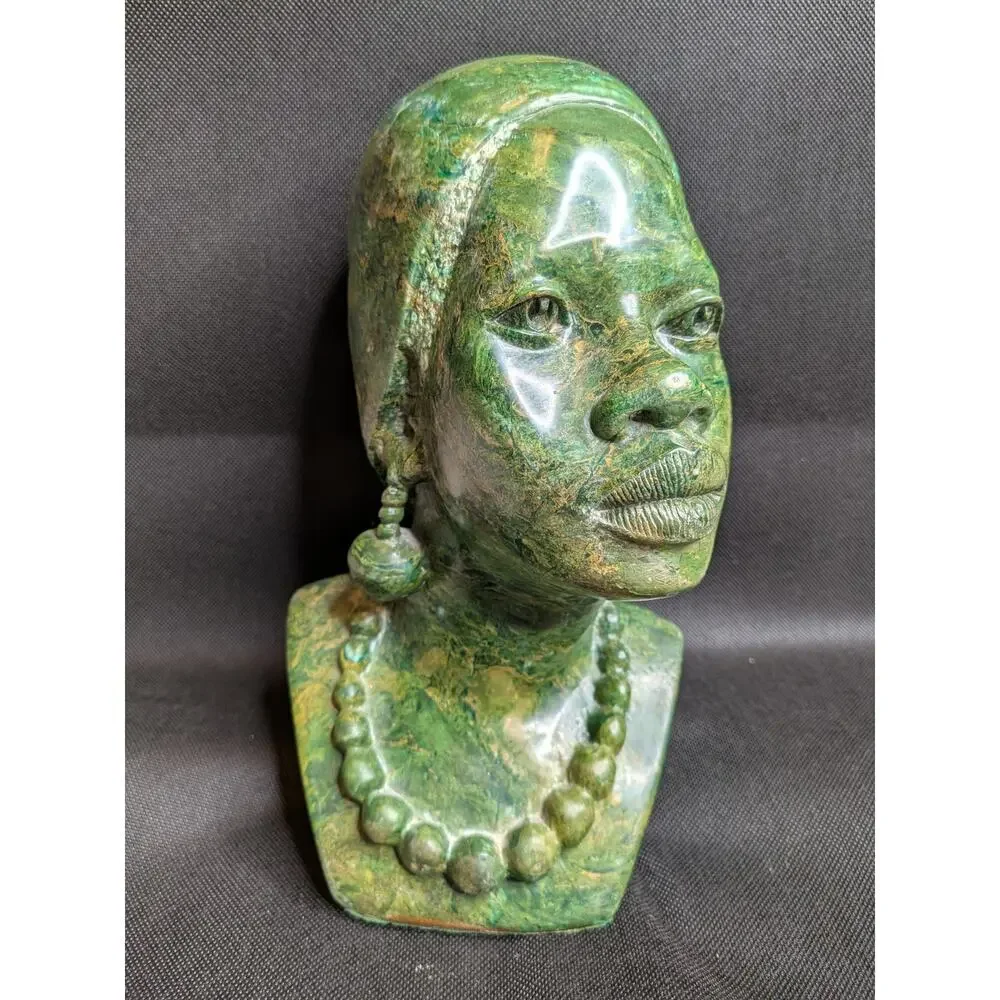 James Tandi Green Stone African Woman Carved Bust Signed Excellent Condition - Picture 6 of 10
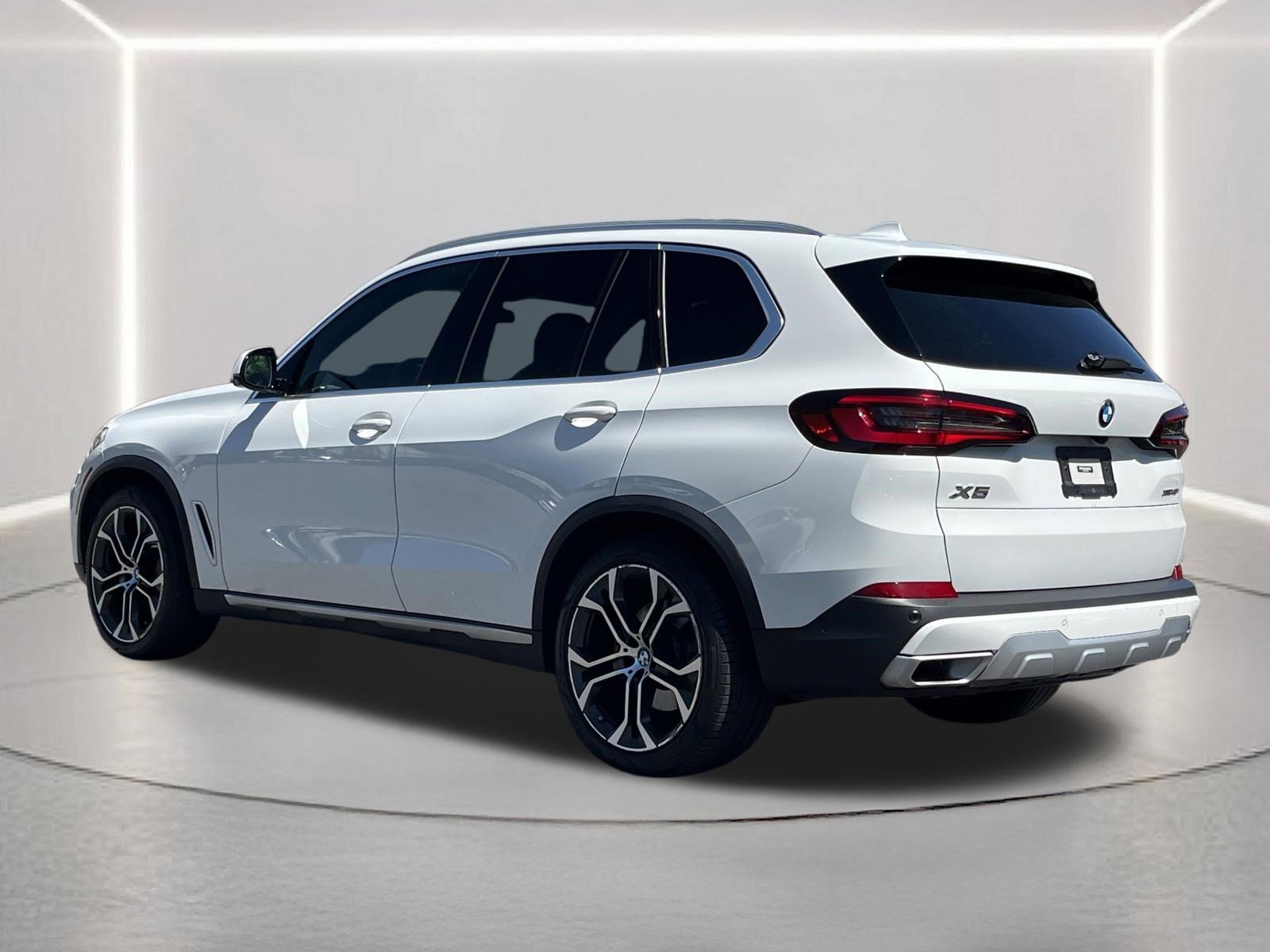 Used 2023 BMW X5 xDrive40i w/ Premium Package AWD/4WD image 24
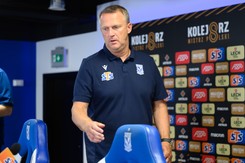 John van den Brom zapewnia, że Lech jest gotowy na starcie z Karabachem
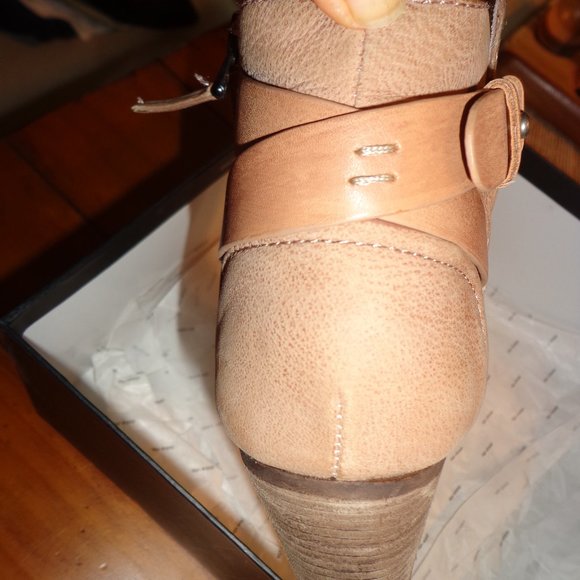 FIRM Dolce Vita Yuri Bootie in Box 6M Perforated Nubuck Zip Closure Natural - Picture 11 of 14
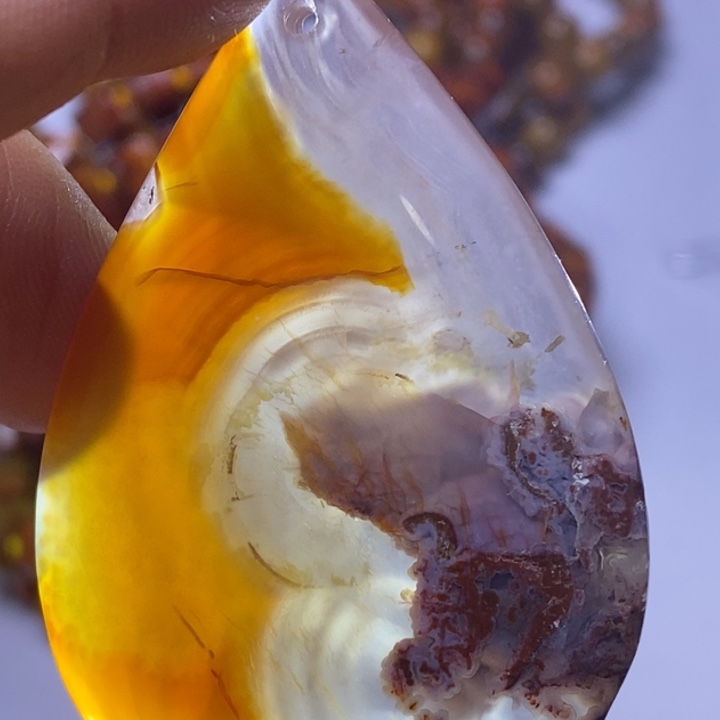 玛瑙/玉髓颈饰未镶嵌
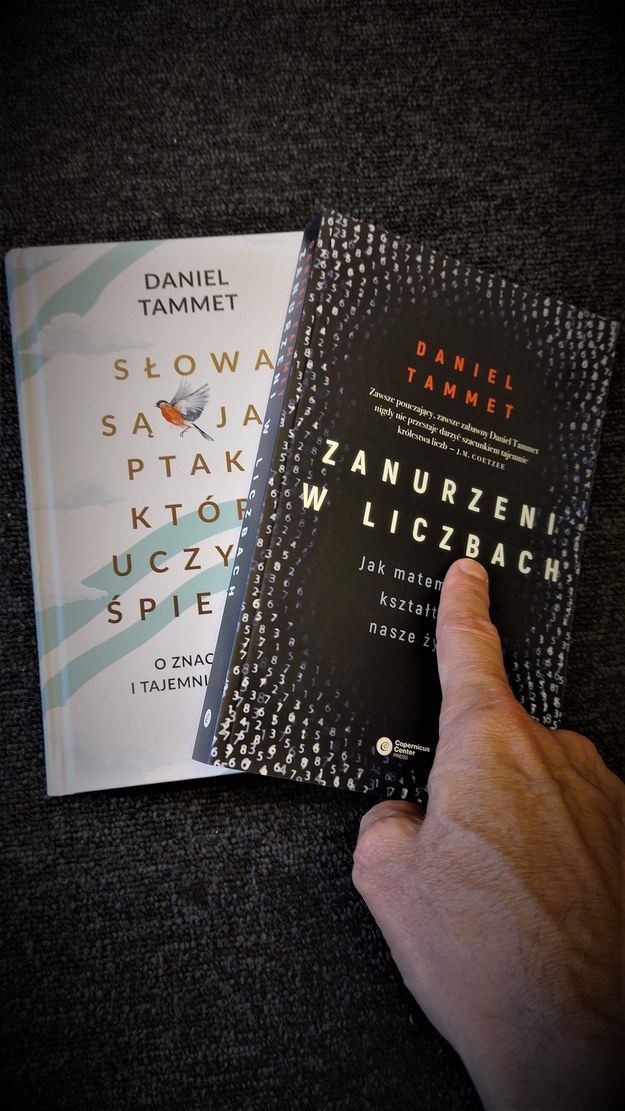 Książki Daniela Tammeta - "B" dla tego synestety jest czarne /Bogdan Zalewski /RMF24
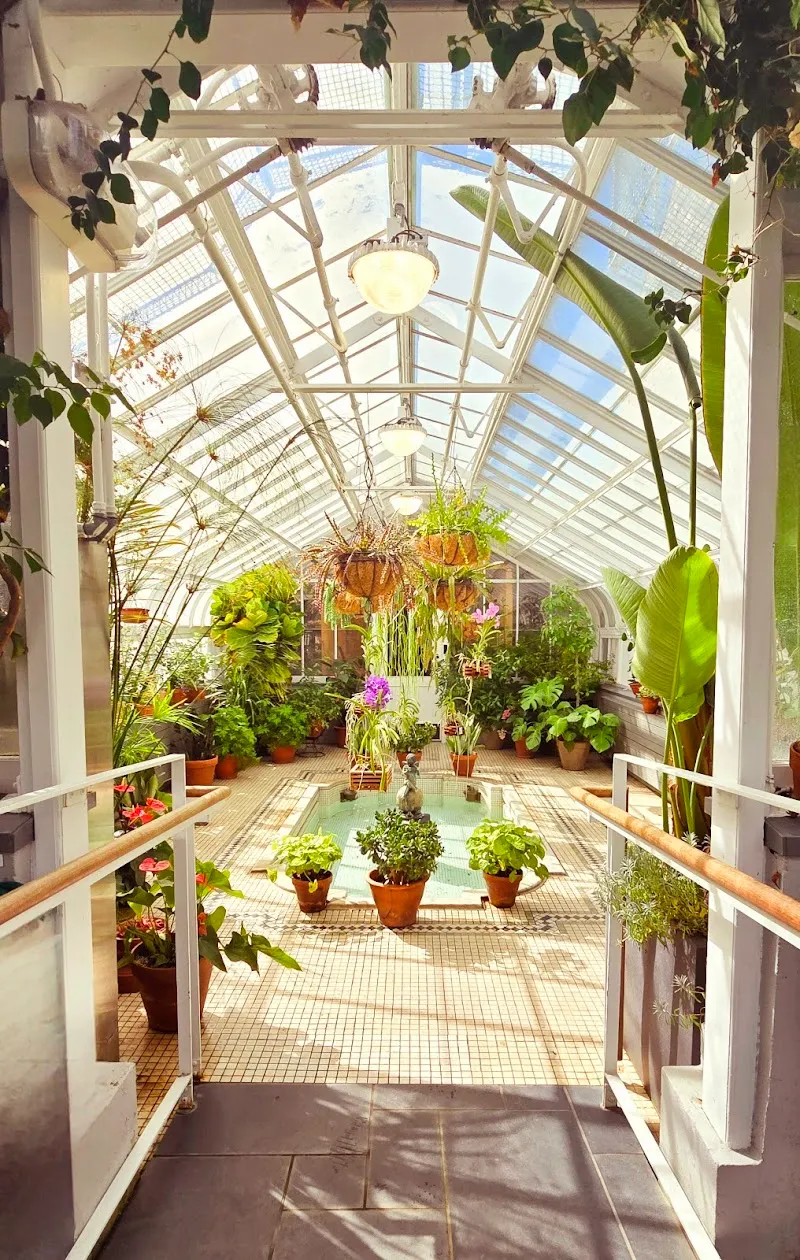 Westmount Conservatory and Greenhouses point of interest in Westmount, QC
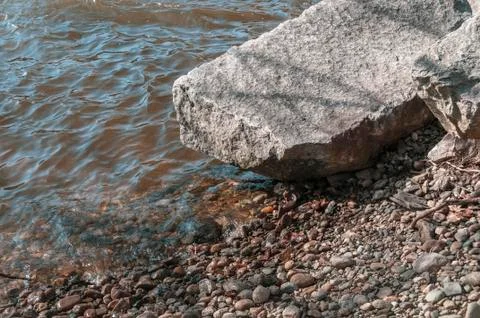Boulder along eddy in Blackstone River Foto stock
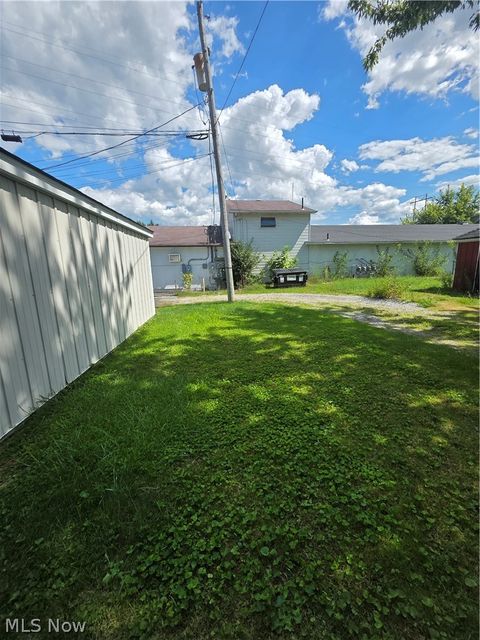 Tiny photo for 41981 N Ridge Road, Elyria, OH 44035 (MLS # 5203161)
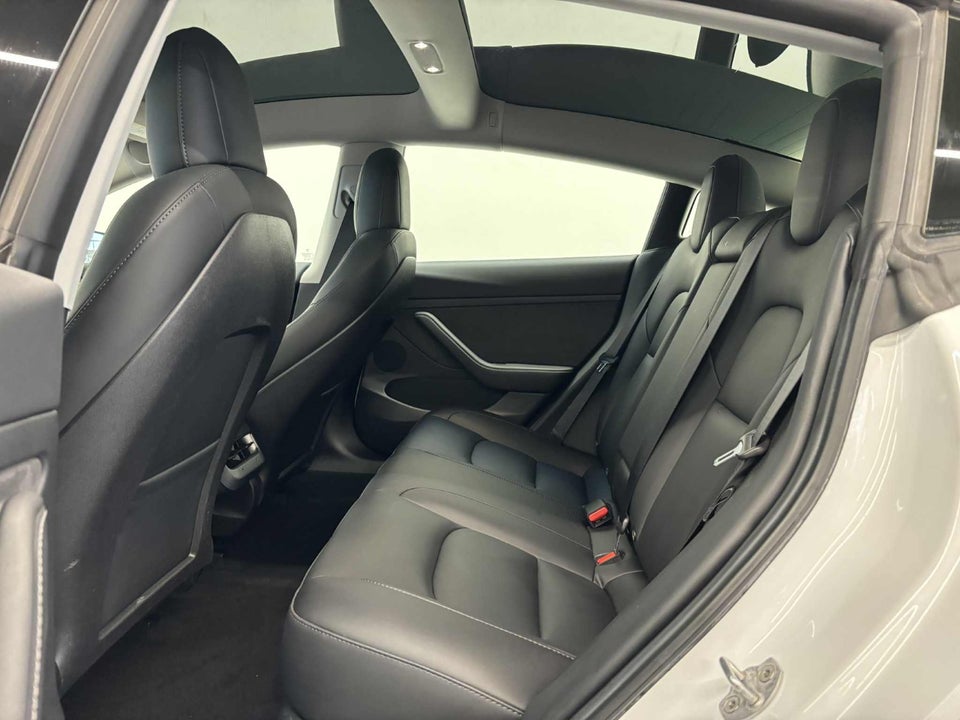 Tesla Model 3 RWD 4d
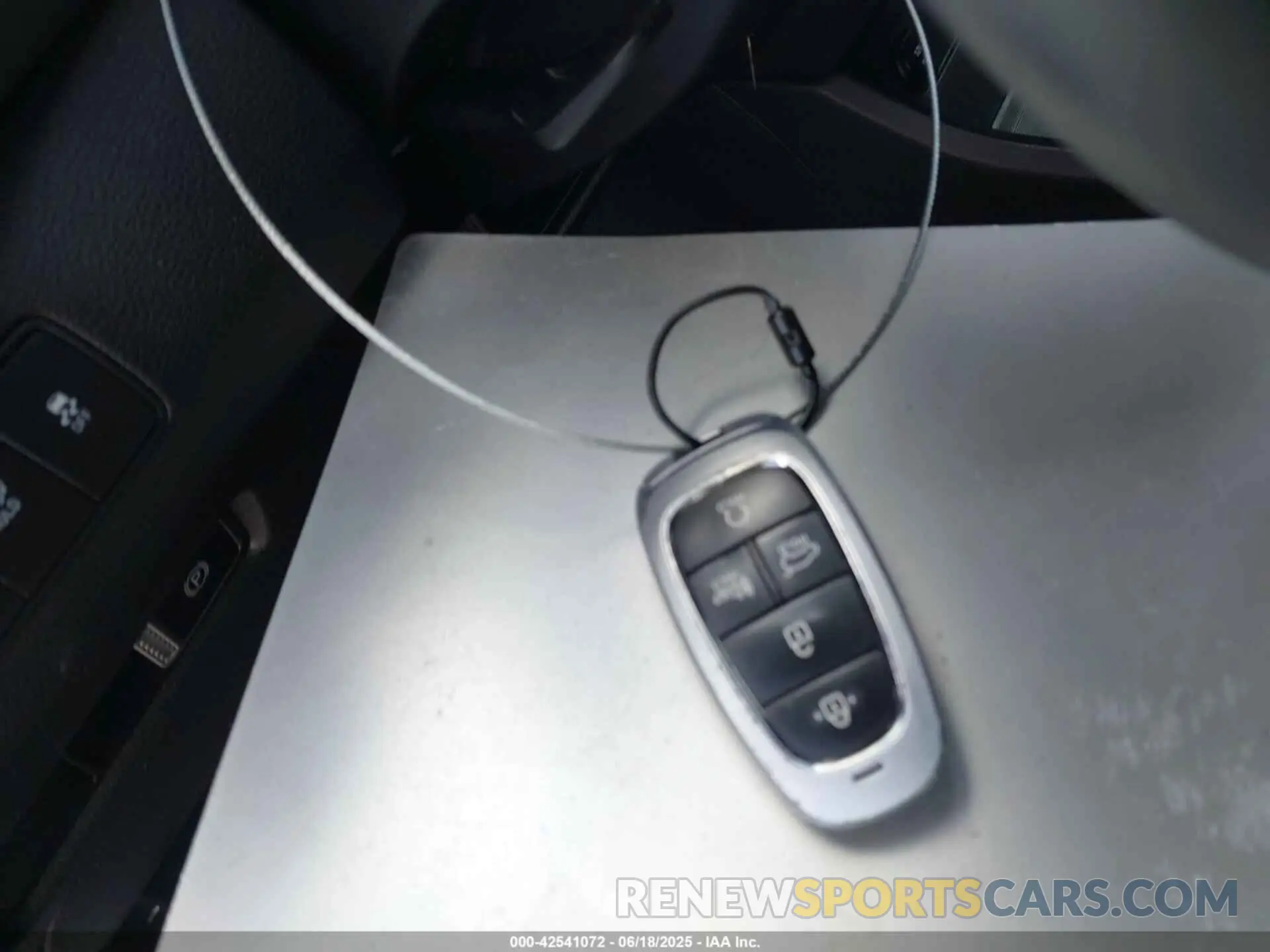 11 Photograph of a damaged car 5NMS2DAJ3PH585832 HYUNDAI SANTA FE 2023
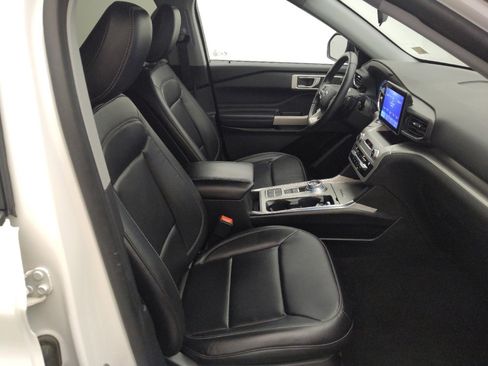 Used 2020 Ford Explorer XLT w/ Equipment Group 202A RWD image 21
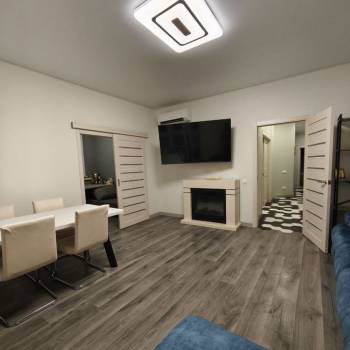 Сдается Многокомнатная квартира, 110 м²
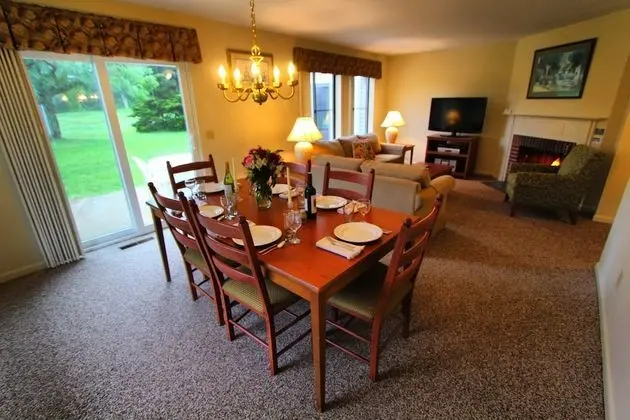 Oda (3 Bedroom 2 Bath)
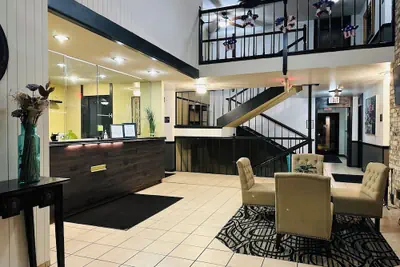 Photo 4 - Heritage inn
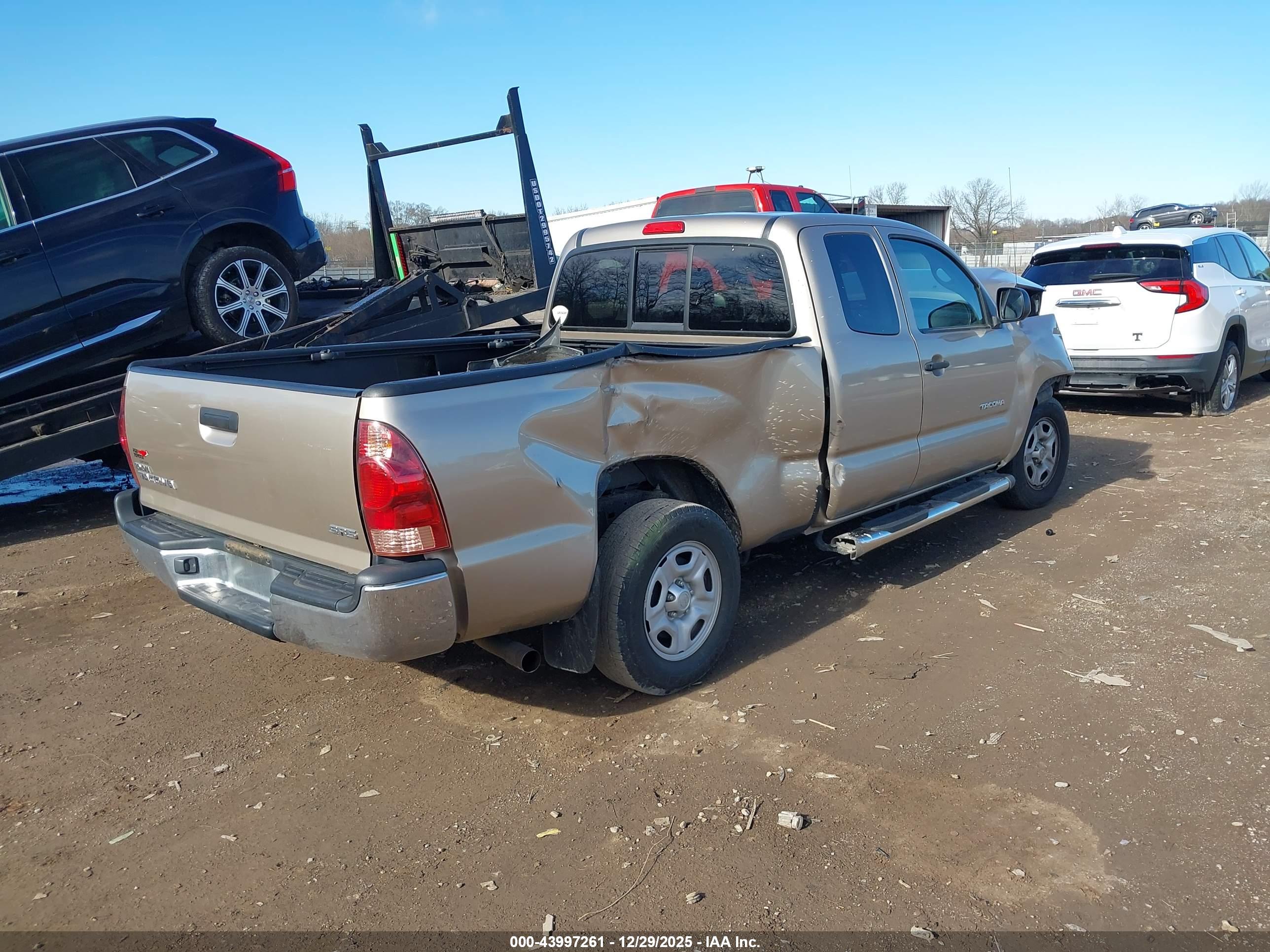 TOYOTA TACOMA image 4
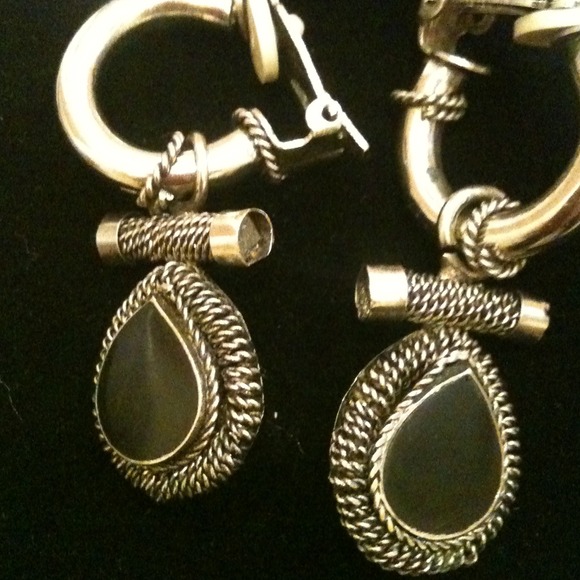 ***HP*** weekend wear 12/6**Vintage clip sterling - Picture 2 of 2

● ● ● ● ● ● ●

Work request
For the records above, give every line again exactly and skip the pictures.

Problem solution
 James Tandi Green Stone African Woman Carved Bust Signed Excellent Condition - Picture 6 of 10
 Used 2023 BMW X5 xDrive40i w/ Premium Package AWD/4WD image 24
 John van den Brom zapewnia, że Lech jest gotowy na starcie z Karabachem
 FIRM Dolce Vita Yuri Bootie in Box 6M Perforated Nubuck Zip Closure Natural - Picture 11 of 14
 玛瑙/玉髓颈饰未镶嵌
 Książki Daniela Tammeta - "B" dla tego synestety jest czarne /Bogdan Zalewski /RMF24
 Westmount Conservatory and Greenhouses point of interest in Westmount, QC
Boulder along eddy in Blackstone River Foto stock
 Tiny photo for 41981 N Ridge Road, Elyria, OH 44035 (MLS # 5203161)
 Tesla Model 3 RWD 4d
 11 Photograph of a damaged car 5NMS2DAJ3PH585832 HYUNDAI SANTA FE 2023
 Used 2020 Ford Explorer XLT w/ Equipment Group 202A RWD image 21
 Сдается Многокомнатная квартира, 110 м²
 Oda (3 Bedroom 2 Bath)
 Photo 4 - Heritage inn
 TOYOTA TACOMA image 4
 ***HP*** weekend wear 12/6**Vintage clip sterling - Picture 2 of 2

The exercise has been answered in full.